→ **DATA EXTRACT**
::::::
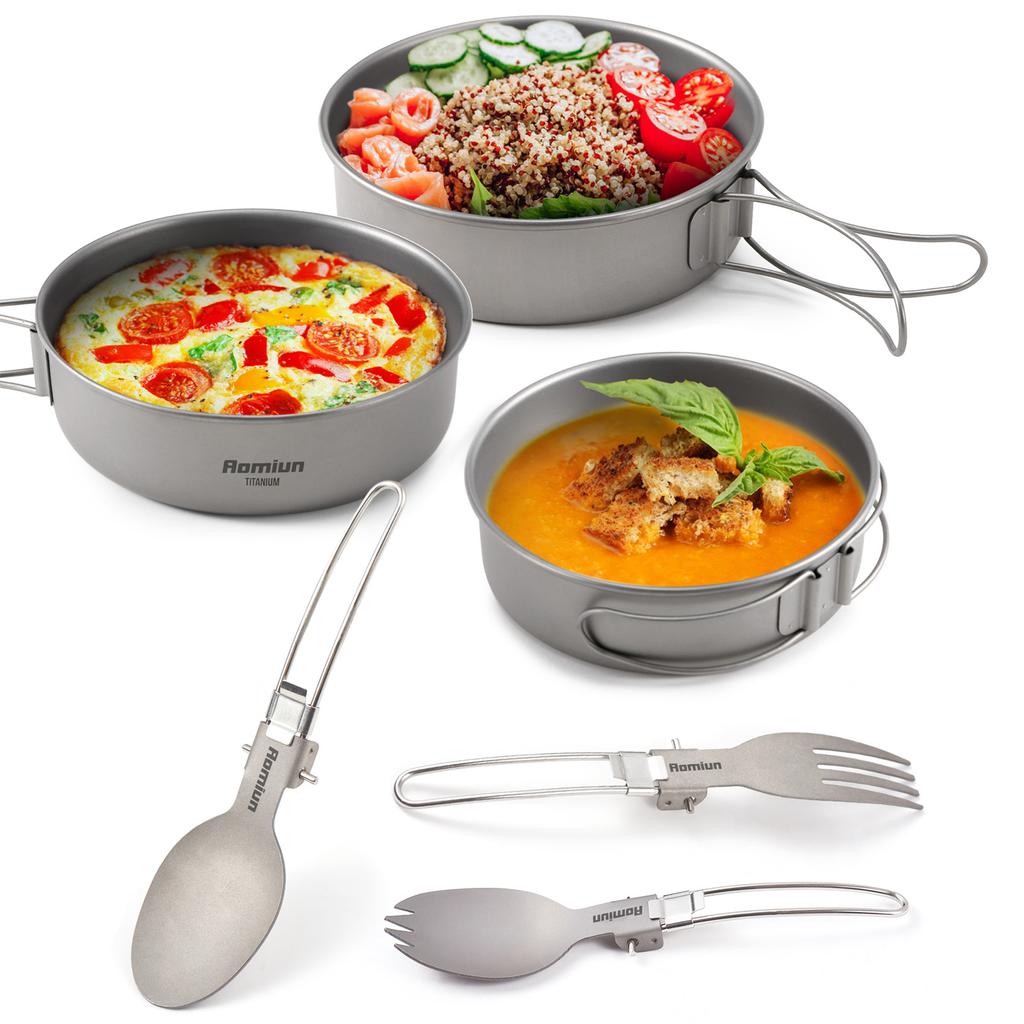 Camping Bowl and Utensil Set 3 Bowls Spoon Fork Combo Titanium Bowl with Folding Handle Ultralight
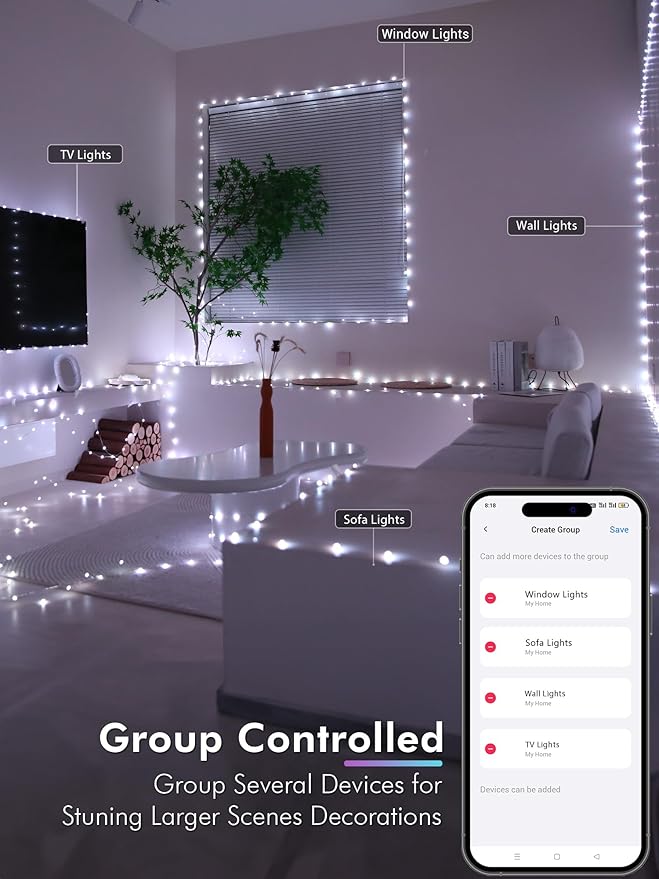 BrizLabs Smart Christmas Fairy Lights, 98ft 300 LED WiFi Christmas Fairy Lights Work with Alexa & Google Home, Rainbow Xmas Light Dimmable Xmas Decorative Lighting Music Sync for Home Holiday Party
::::::
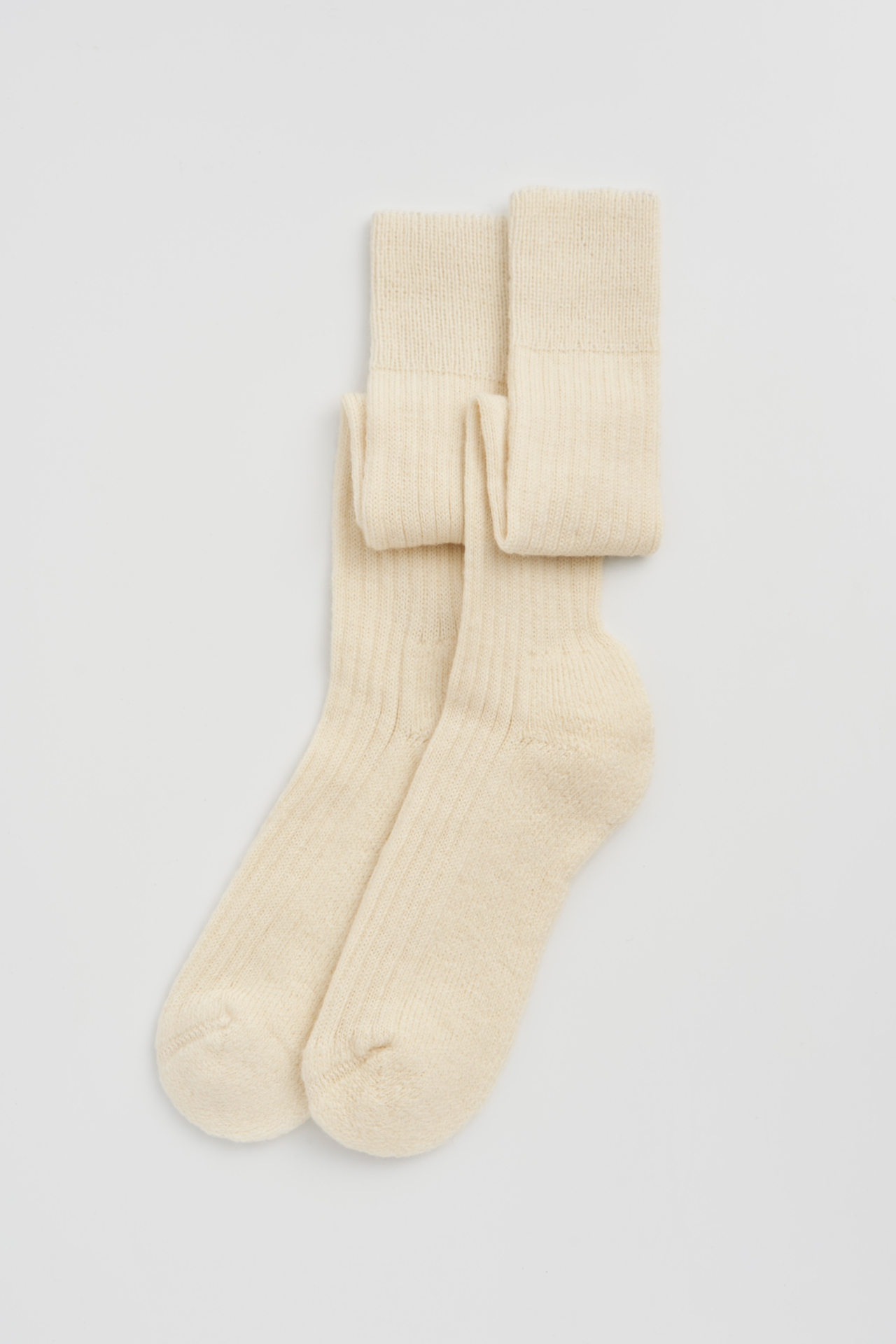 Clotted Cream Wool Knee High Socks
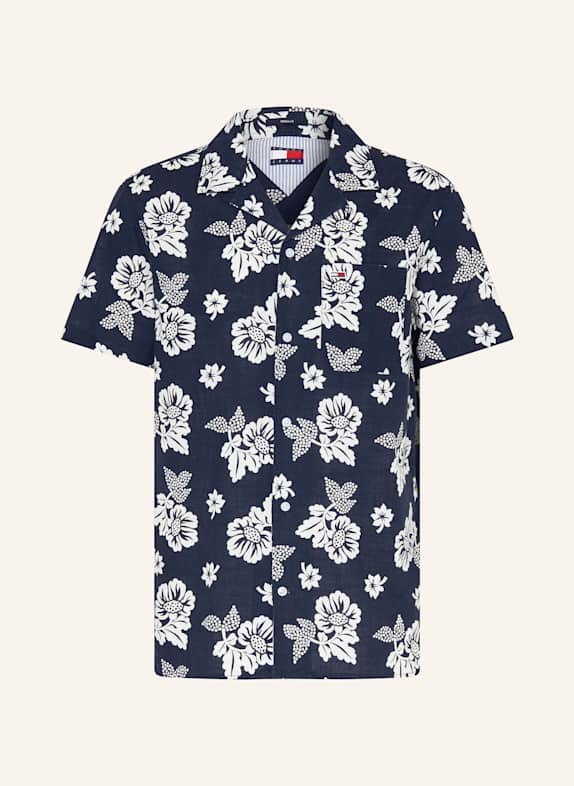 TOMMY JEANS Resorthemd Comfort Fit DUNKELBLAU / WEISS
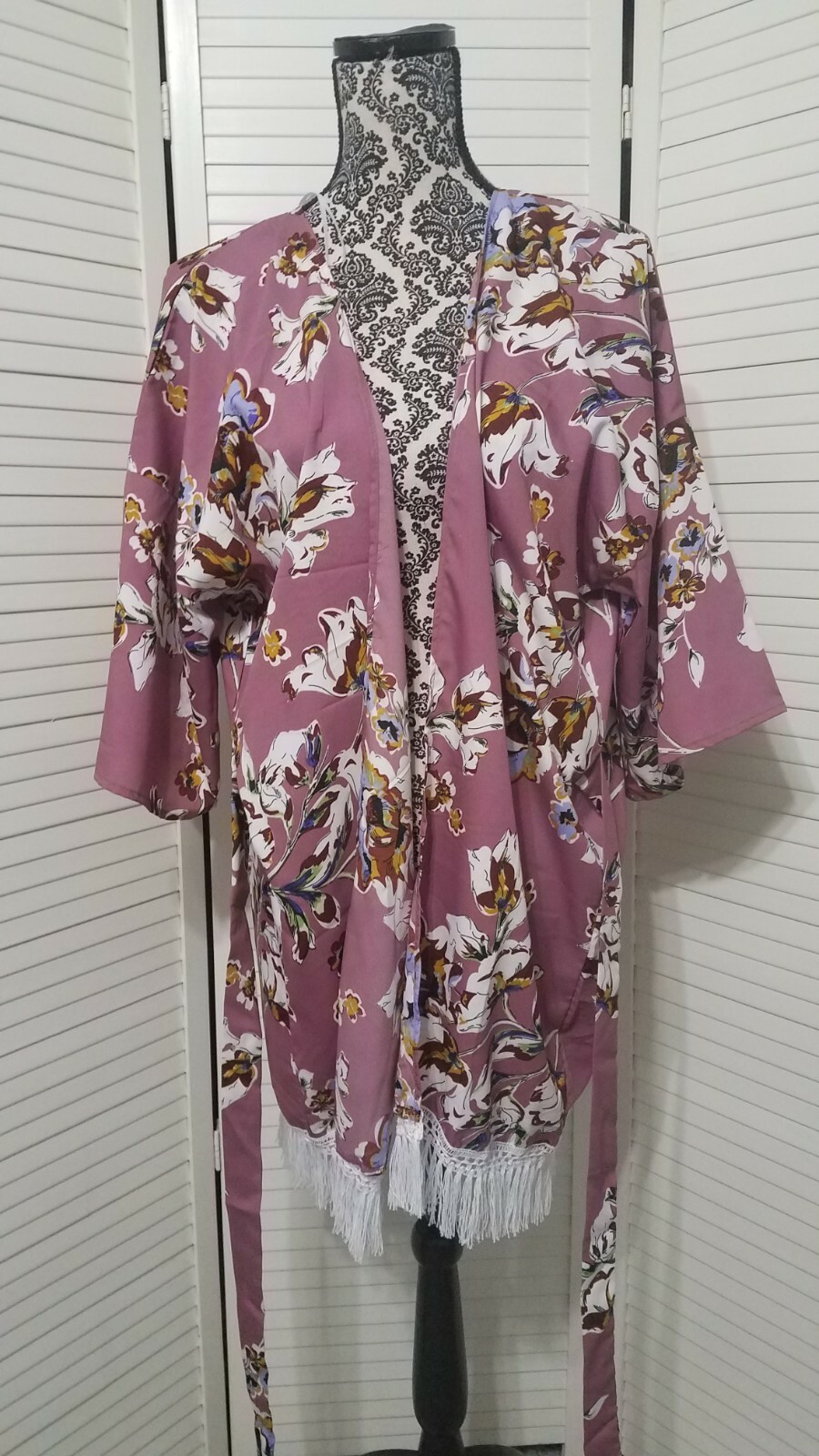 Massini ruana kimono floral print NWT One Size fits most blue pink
::::::
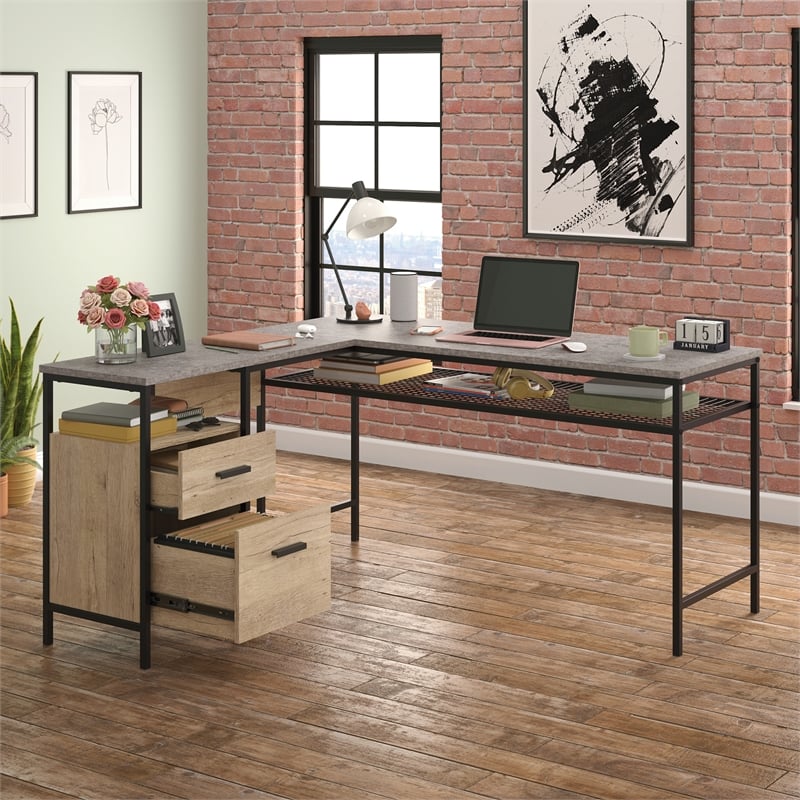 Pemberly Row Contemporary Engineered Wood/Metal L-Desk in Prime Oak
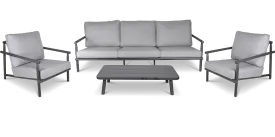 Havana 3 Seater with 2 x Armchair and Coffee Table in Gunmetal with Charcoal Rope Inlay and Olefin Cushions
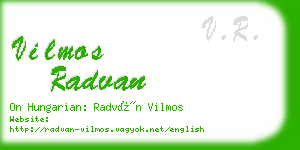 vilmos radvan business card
::::::
→ **WORK ORDER**
Only one stretch of the entries above is needed: the lines from the one containing "Camping Bowl and" through the one containing "BrizLabs Smart Christmas". Copy it exactly, without the pictures.

→ **YOUR RESPONSE**
 Camping Bowl and Utensil Set 3 Bowls Spoon Fork Combo Titanium Bowl with Folding Handle Ultralight
 BrizLabs Smart Christmas Fairy Lights, 98ft 300 LED WiFi Christmas Fairy Lights Work with Alexa & Google Home, Rainbow Xmas Light Dimmable Xmas Decorative Lighting Music Sync for Home Holiday Party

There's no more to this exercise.